Chez certaines communautés, le territoire a un caractère sacré et entretient avec le groupe occupant un lien presque consubstantiel. L’histoire de sa découverte est souvent émaillée de mythes et de légendes qui tendent à en faire un don céleste. Des parallèles avec des lieux universellement reconnus saints sont systématiquement établis dans le but d’authentifier sa sacralité, mais également de forcer le respect et l’admiration des communautés environnantes.
Les territoires du Sénégal : des origines et des réalités complexes
Les territoires trouvés par les colons à leur arrivée n’étaient pas de simples étendues de terres primitives, sans organisation. Bref, des no man’s land. Les peuples qui les occupaient - c’est-à-dire nos grands-parents et nos arrière-grands-parents - disposaient déjà de formes territoriales très avancées, bien organisées et parfaitement hiérarchisées. Dans une certaine mesure, l’administration coloniale n’a fait que conserver les formes précoloniales, les manœuvres territoriales les plus importantes ayant eu lieu dans les régions nomades (Mali, Niger, Mauritanie). Une observation attentive des découpages successifs permet en effet de constater de curieuses coïncidences entre des limites de royaumes et celles des certains découpages postérieurs (cantons, arrondissements, régions, etc.). C’est également dans la logique de maintenir ces formes que le pouvoir colonial avait opté de confier l’administration des cantons et autres subdivisions territoriales locales aux chefferies indigènes. C’est le régime de l’indigénat. En optant pour ce système de gouvernance, l’administration coloniale visait deux objectifs : la préservation des équilibres et rapports de forces existants et la facilitation de l’exploitation des ressources de la colonie par chefs locaux interposés.
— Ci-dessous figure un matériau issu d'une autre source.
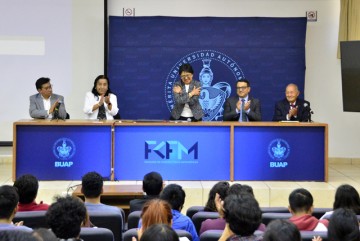 María Lilia Cedillo Ramírez Inaugura el Encuentro de Ciencias en la BUAP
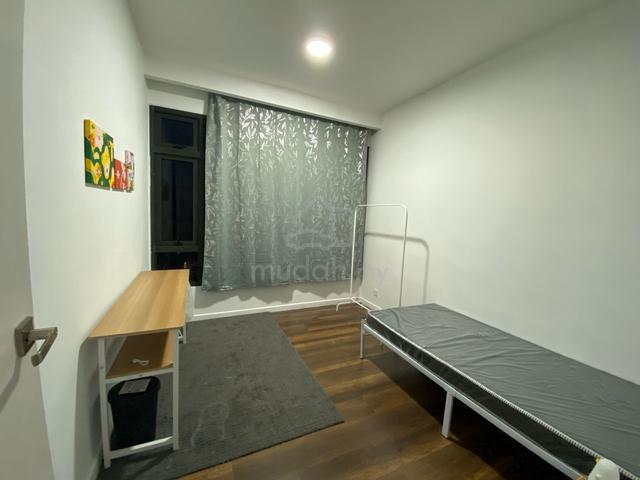 Serini Melawati LOW Deposit 1+1 - Medium Room 1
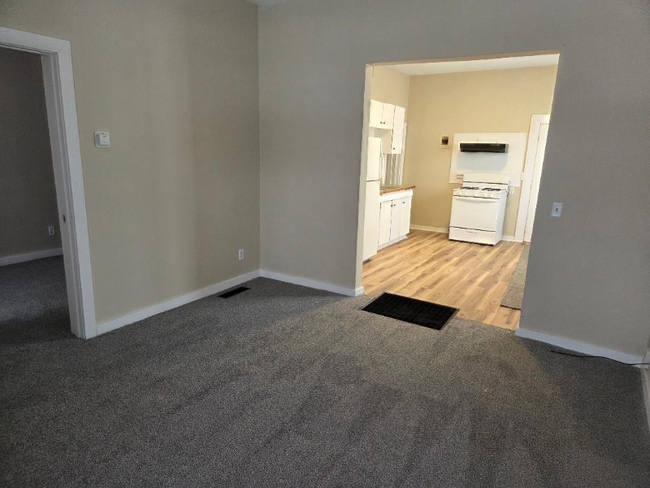 Building Photo - 923 N Mason St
L’option de la force pour dominer et s’installer librement ne semble pas préméditée. Elle s’est dessinée au fur et à mesure des circonstances et n’avait aucunement pour objectif de faire table-rase sur l’existant.
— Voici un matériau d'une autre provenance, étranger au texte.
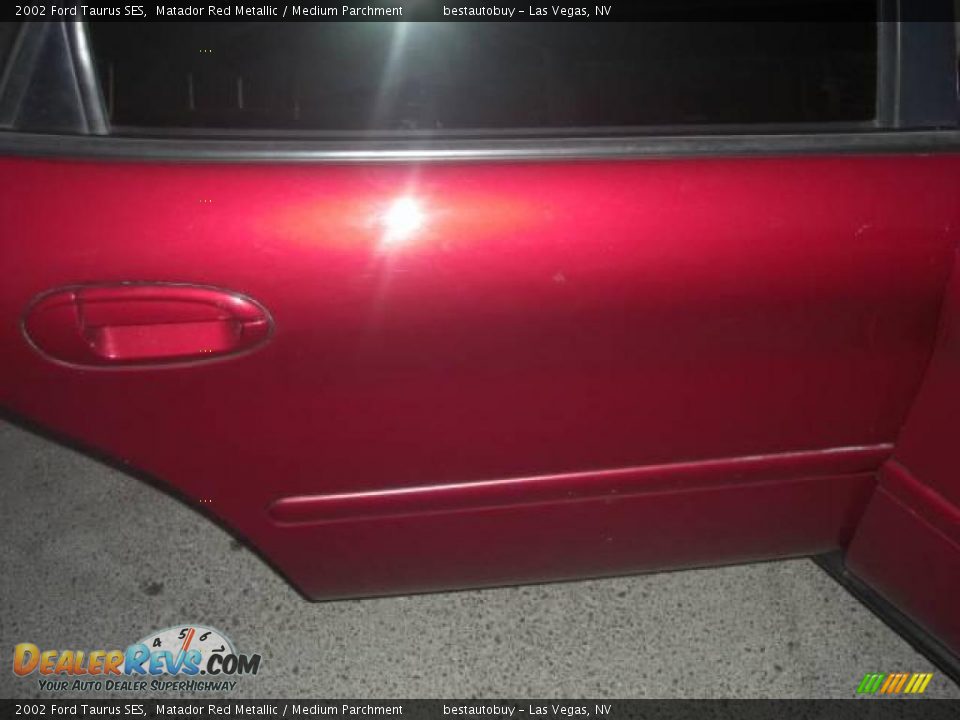 2002 Ford Taurus SES Matador Red Metallic / Medium Parchment Photo #32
Au Sénégal, les territoires actuels sont une émanation directe de ces formes territoriales historiques (royaumes, provinces, cercles, cantons …). Autrement dit, leurs palimpsestes. Aujourd’hui, celles-ci ont - dans leur forme juridique - certes disparu, mais leurs empreintes restent indélébilement gravées dans la mémoire locale. Une visite dans les anciennes provinces du Baol, du Cayor ou du Sine, par exemple, permettrait de constater que certains notables locaux sont encore capables de reconstituer avec précision les limites de leur territoire d’origine dont l’identité est encore jalousement entretenue par les descendants des lignages fondateurs. L’attachement au territoire d’origine s’exprime par l’usage continu de titres historiques (buur,djiaraf, lamane, farba, etc.) pour désigner certaine chefs locaux ou de noms autochtones pour indiquer le territoire de résidence.
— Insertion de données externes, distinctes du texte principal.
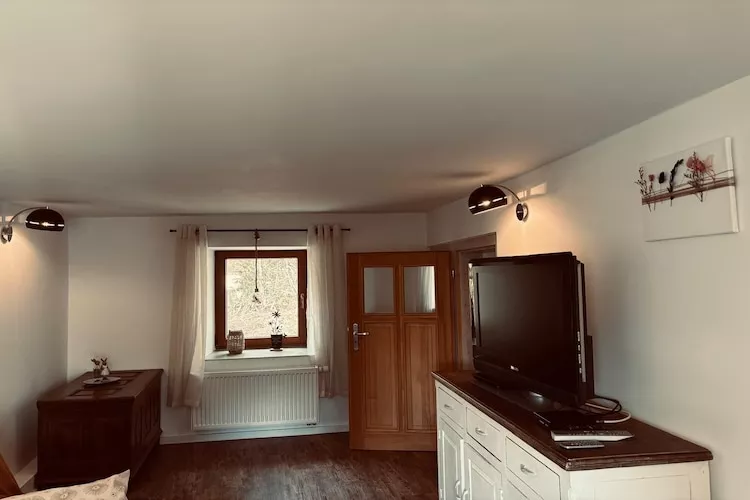 Ferienhaus Gerolstein-Müllenborn 4 P - Woonkamer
Le titre de buur, par exemple, semble subsister dans certaines contrées du Sénégal. Le buur y est encore une institution reconnue, respectée, vénérée, consultée, et surtout crainte. Le burr est le gardien des symboles de la royauté, le protecteur du legs des ancêtres. A Gandiaye « buur Gandiaye » ou à Oussouye « Roi de Oussouye » - pour ne citer que ces deux exemples - le titre de buur n’est pas seulement honorifique. L’autorité des buur demeure une réalité et s’appuie sur un territoire bien défini, celui des ancêtres. Ils restent encore investis d’un certain nombre de missions parmi lesquelles la préservation de l’unité physique du territoire d’origine et le maintien de la paix sociale occupent une place extrêmement importante. Ils sont régulièrement consultés et intercèdent souvent en faveur de personnes résidants dans leur territoire.
Dans d’autres contextes, la référence au droit musulman - et parfois coutumier - continue de légitimer l’exercice des droits pré-étatiques. A Touba,Tivaoune, Darou Mosty, Médina Gounass ou Cambérène à Dakar, les Khalifs jouent un rôle extrêmement important dans la gestion des affaires de leurs cités qui - comme l’a déjà, surtout pour le cas de Touba, montré le Géographe sénégalais Cheikh Guèye - constituent les signes de processus de territorialisation réussi ; les marques d’un attachement fusionnel au territoire originel. Ils sont les dépositaires des pouvoirs des Khalifs fondateurs et s’arrogent une autorité « illimitée » sur leurs territoires respectifs.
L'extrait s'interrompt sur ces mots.